En les interrogeant sur leurs rapports à Ben Laden, aux événements du 11 septembre, à la guerre en Afghanistan et au devenir immédiat du monde musulman, on se retrouve face à cet éternel débat entre désir d'émancipation sur un modèle occidental et le respect des traditions religieuses.
p. 19 " C'est une relation curieuse avec l'Amérique - et avec l'Occident en général - qui s'est construite dans notre univers globalisé : la défiance proclamée se combine avec une très forte attirance, le rejet du modèle avec l'admiration pour la démocratie dont la plupart des sociétés du monde musulman restent toujours privées, la revendication de la spécificité culturelle avec un désir de reconnaissance et l'envie irrépressible de participer, sur un pied d'égalité, à la culture universelle. "
Il en revient donc à l'auteur la nécessité de comprendre les motivations du jihad contre l'Occident.
De l'Egypte à la Syrie, du Liban au Quatar et aux Emirats arabes unis, l'émergence de cette haine est une problématique complexe, aux enjeux multiples, dont l'auteur nous témoigne ici les principaux aspects.
La complexe mais bien réelle construction de la modernité dans les pays arabes, sera longue et délicate de par l'instabilité politico-économique régnante.
p. 81 : " Dans une société où la ségrégation des sexes doit être strictement observée avant le mariage, où l'enseignement supérieur public n'est pas mixte, il est difficile de concilier cette pesante tradition avec le raz-de-marée d'une modernité qui fait affluer dans ces pays riches tous les gadgets de la haute technologie avec le franchissement des barrières de l'intime et de la pudeur qu'ils suscitent."
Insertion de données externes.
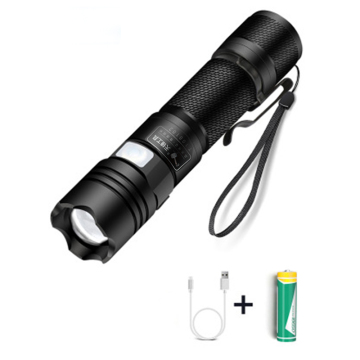 USB Rechargeable Pocket Mini LED flashlight - Ideal for Hunting, Fishing, Outdoor Camping & More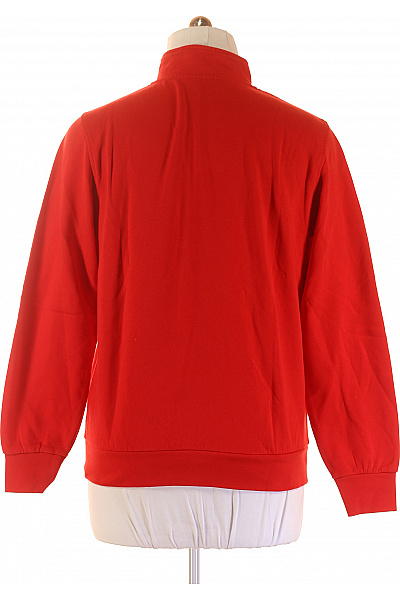 BONPRIX Pánská Mikina Červená Second hand Vel. 48/50 | BONPRIX | obrázek 3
En perte de repères idéologiques et/ou religieux stables et porteurs, la jeune génération semble s'émerveiller devant des actes de terrorisme et de barbarie.
Les rapports délicats - et d'autant plus fragiles depuis les attentats du 11 septembre - qu'entretient le monde musulman avec les pays occidentaux démontrent notamment une incompréhension des cultures.
Loin de répondre à toutes les interrogations latentes du lecteur, cette chronique balaye cependant un large champ de pistes de compréhension.
" Chronique d'une guerre d'Orient " est un livre atypique par son style. Conçu sous forme d'un carnet de route, à la manière d'un journal personnel, on sent une réelle maîtrise de la langue et de la culture arabe de l'auteur.